I’ve had a hard time summing up my days. I couldn’t quite place a finger on the thrumming pulse of summer, so fast that it feels slow.

Weekdays were spent working with my mom at her office. I created Excel sheets, made binders for various forms and popped into my mom’s office when I was bored. (Really, it was the best job for me since I love making things more efficient. Don’t judge.)  On weekends I saw Mat who was knee deep in rotations or caught up with old friends. But the most notable thing about this summer has been road trips.

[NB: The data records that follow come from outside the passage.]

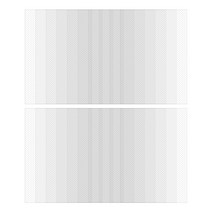 제본표지 PP 0.5mm 20p, 투명사선, A4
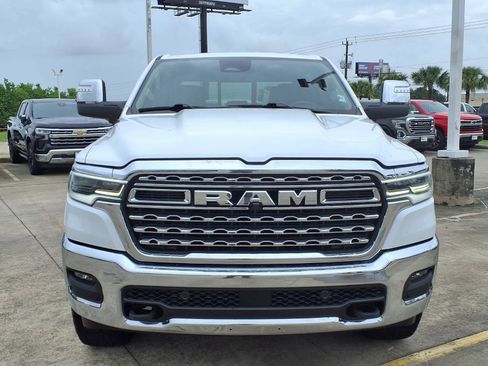 Used 2025 RAM 1500 Limited w/ Off Road Group AWD/4WD image 2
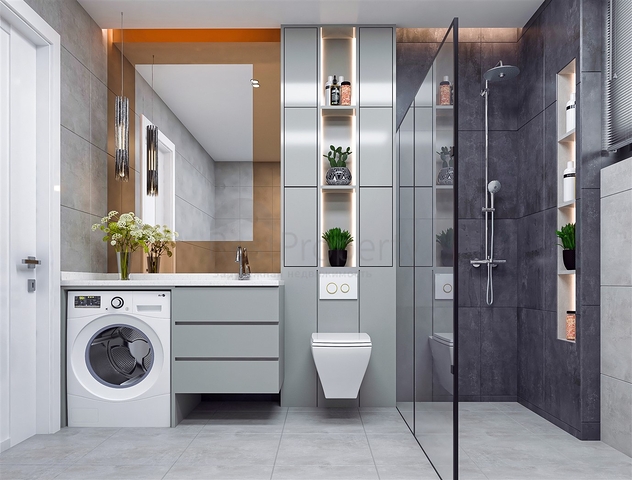 Инвестиционный проект в районе Алтынташ - Анталия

Massive bouts of wanderlust attacked me this year; I was pea green with envy of people jetting around the world while I’m in school. Although I didn’t go abroad this summer, I whetted my appetite with trips to Austin, one to see my sister in Chicago and two major trips from Philadelphia to Texas and from Texas to California.

I scoped the lands from Big Round Top, breached Pentagon fences (on accident, of course), careened down the most breathtaking trail to Fort Lancaster, dug my toes into the fine white sands in Alamogordo, held  my breath on Highway 1 as our van lumbered to Big Sur.. It’s been an amazing summer.

I am in California still actually! A light breeze is tickling my arm and the sound of cars whooshing by is a surprisingly soothing background in the heart of Irvine. Mat and I have just returned from San Francisco and are staying at his family’s place until Friday. Then it’s on to Texas! And then onwards to Philadelphia! And second year of dental school!

I’m anxious about second year, which is supposed to be the absolute worst year of dental school. I’ve heard it’s a blistering barrage of projects and exams and yet I catch myself eager to return. Aren’t I ridiculous? I think it’s because this summer has been utterly relaxing with plenty of trashy TV (Korean dramas and True Blood, anyone?) and Pinterest so I’m ready to shimmy into my ceil blue scrubs and get back to work.